## [Problem to work on]
Leaving out pictures, output exactly the lines below from the one that has "Wallpaper Mural 冬の道 Torontodigital.ca" through the one that has "False beard My Other Me Grey False", and nothing else.

## [Supplied data]
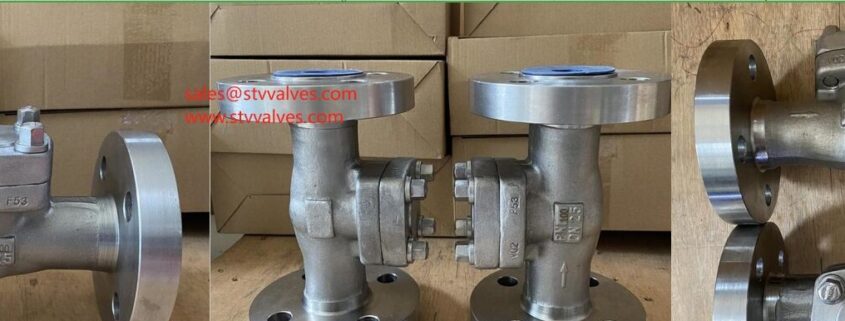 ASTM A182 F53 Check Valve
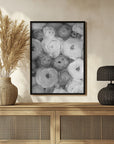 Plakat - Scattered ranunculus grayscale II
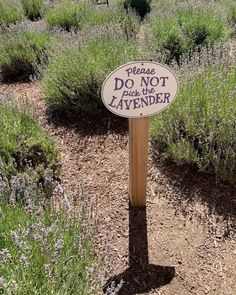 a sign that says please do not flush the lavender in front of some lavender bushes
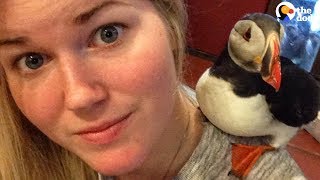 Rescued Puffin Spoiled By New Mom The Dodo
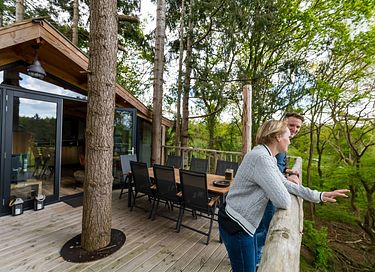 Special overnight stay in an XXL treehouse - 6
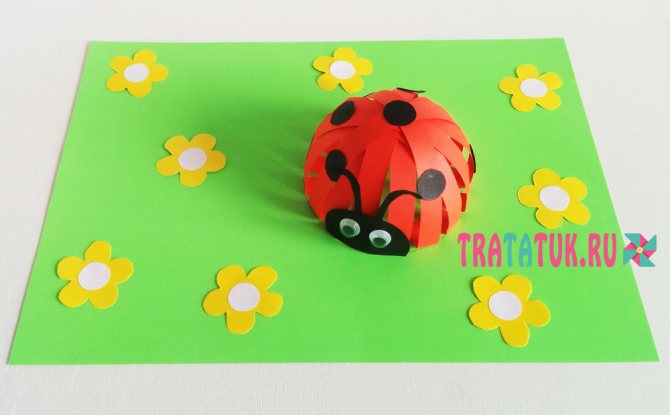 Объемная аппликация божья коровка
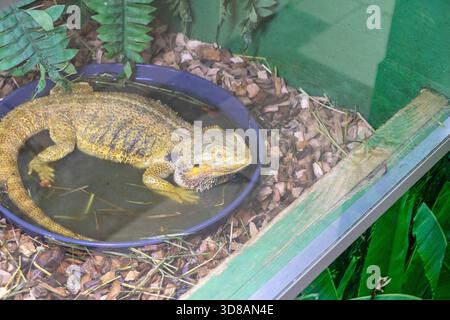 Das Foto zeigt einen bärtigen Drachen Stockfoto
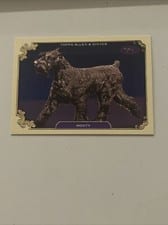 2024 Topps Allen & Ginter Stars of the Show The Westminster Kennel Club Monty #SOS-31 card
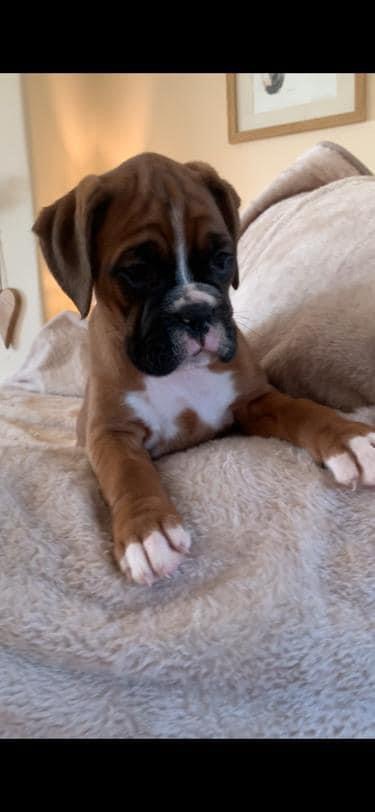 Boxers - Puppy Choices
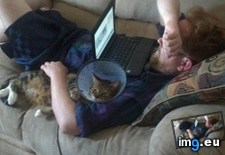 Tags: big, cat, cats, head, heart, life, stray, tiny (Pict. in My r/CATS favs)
...
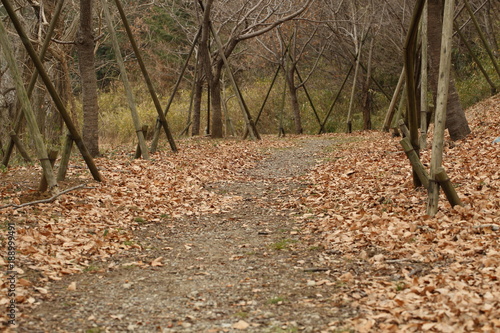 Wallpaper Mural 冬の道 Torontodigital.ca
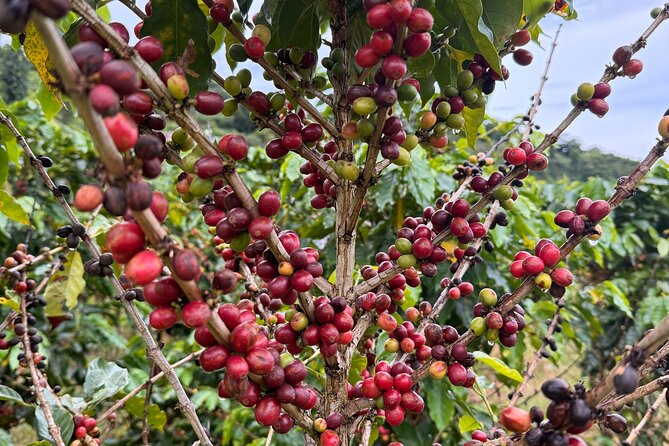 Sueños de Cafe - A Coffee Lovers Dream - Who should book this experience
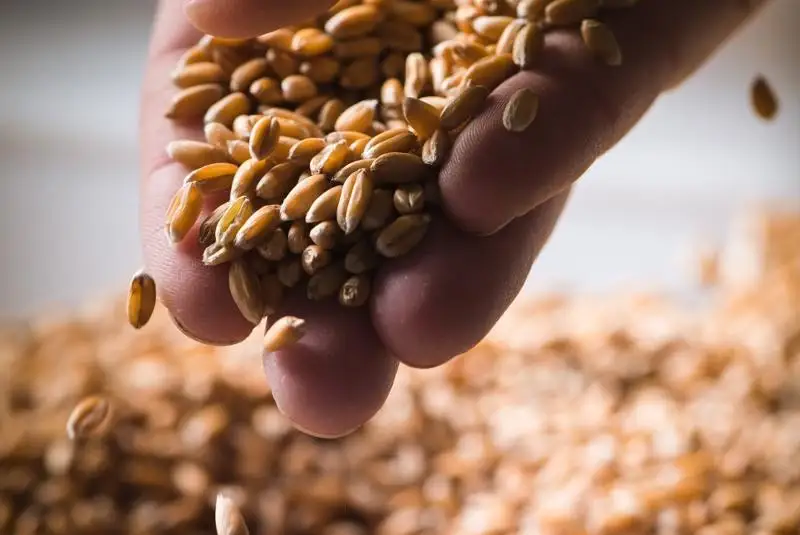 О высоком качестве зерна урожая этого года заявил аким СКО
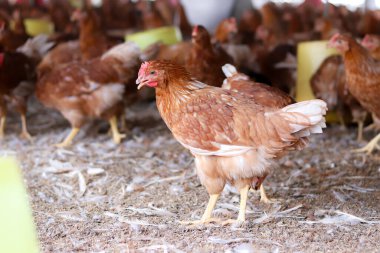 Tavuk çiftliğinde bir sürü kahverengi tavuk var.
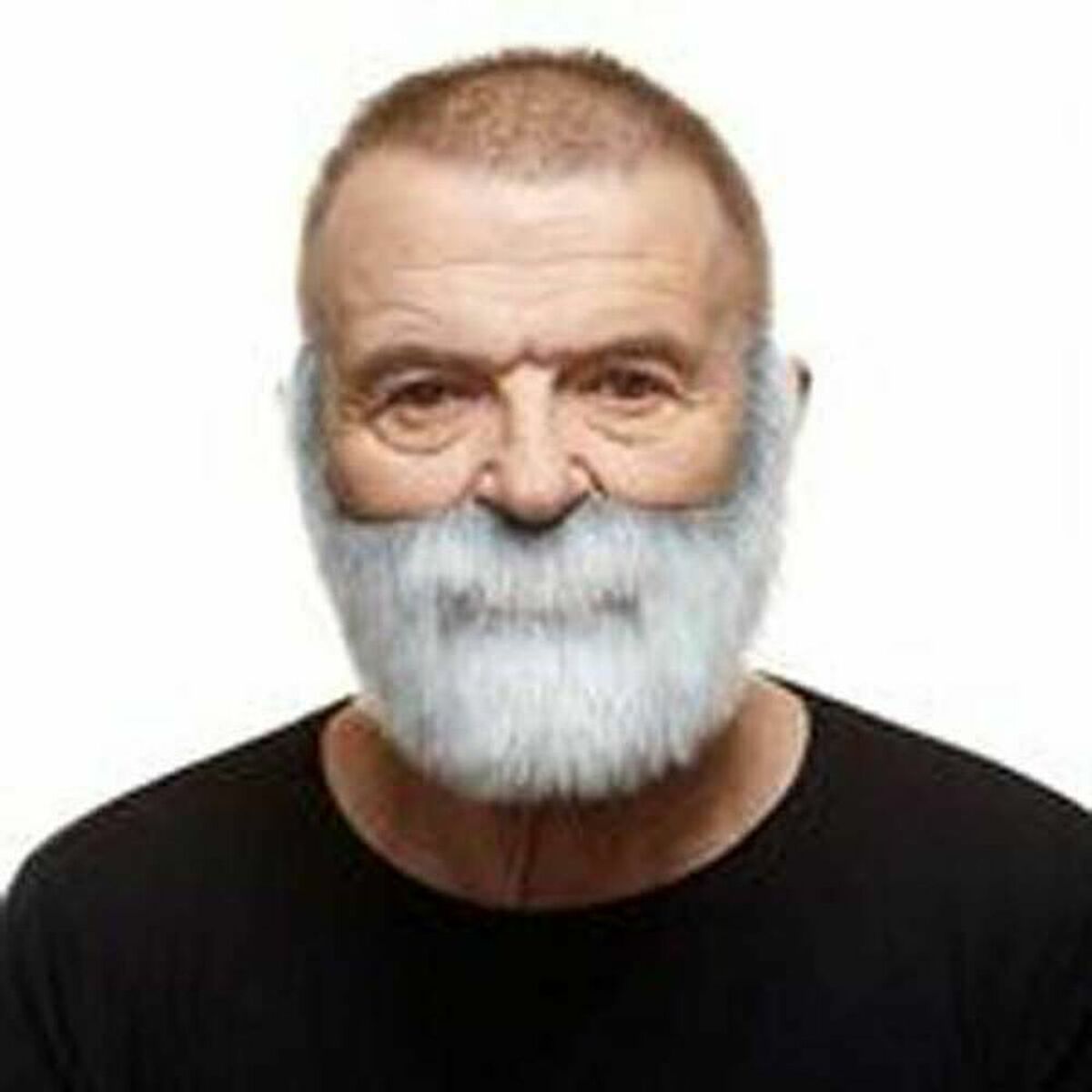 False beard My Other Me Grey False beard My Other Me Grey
--
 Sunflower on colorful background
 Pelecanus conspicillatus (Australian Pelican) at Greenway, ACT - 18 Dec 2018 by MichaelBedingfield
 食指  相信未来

## [Answer to this problem]
 Wallpaper Mural 冬の道 Torontodigital.ca
 Sueños de Cafe - A Coffee Lovers Dream - Who should book this experience
 О высоком качестве зерна урожая этого года заявил аким СКО
 Tavuk çiftliğinde bir sürü kahverengi tavuk var.
 False beard My Other Me Grey False beard My Other Me Grey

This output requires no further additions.